Retailers would no longer be able to deduct the cost of merchandise they import under such a plan, hiking taxes three to five times higher for some merchants and driving up the price of imported goods, according to the National Retail Federation. Even many retailers that don’t import directly would also experience higher costs as wholesalers pass on their own inflated costs, and it would be difficult for retailers to substitute American-made goods because so much of their merchandise is made overseas, the NRF says.
The tax and its effects run “very counter to the way consumers are feeling at the moment,” David French, the NRF's senior vice president for government relations, told The New York Times.
Trump alluded to the border tax at a congressional Republicans’ retreat Thursday in Philadelphia, saying “We’re working on a tax reform bill that will reduce our trade deficits, increase American exports and will generate revenue from Mexico that will pay for the wall if we decide to go that route.” The remarks caused an uproar, and Spicer walked them back a bit later in the day, indicating the tax is just one option of many.

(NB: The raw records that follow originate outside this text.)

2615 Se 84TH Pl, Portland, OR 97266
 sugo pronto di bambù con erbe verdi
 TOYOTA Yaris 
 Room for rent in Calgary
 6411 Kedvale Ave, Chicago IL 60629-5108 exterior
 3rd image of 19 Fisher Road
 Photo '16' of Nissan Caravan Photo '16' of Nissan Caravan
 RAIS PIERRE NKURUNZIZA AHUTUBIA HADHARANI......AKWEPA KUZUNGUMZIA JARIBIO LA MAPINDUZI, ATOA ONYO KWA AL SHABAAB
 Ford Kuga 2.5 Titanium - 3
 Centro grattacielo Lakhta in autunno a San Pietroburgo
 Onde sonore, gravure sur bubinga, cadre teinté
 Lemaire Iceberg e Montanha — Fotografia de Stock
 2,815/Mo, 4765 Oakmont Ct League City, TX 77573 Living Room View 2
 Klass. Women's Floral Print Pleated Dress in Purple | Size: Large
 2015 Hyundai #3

Beyond the direct hit to retailers, observers warn that the border adjustment tax could more broadly hurt the economy as consumers face higher prices, retailers’ profits shrink and trade wars erupt. While the conversation has focused on relations with Mexico, the tax would have to be instituted on imports from all countries, and businesses — rather than governments — would pay.
In fact, taxing imports and exempting exports — the nut of the plan — appears to target foreign businesses, but U.S. retailers would be hit hard as well because they depend so much on overseas manufacturing, including apparel, home goods, electronics and other products. That puts them between a rock and a hard place, forced to either raise their prices or — if that approach threatens sales — reduce their profits. Many economists also say such a tax would boost the value of the dollar, which is already hurting many retailers by dampening sales from tourists and raising the cost of production in Asia, which trades using the U.S. dollar.
The uncertainty around the proposal will likely continue to vex retailers, which already face pressure from consumers to keep prices low as well as increasingly tighter margins from the higher costs of rising e-commerce sales.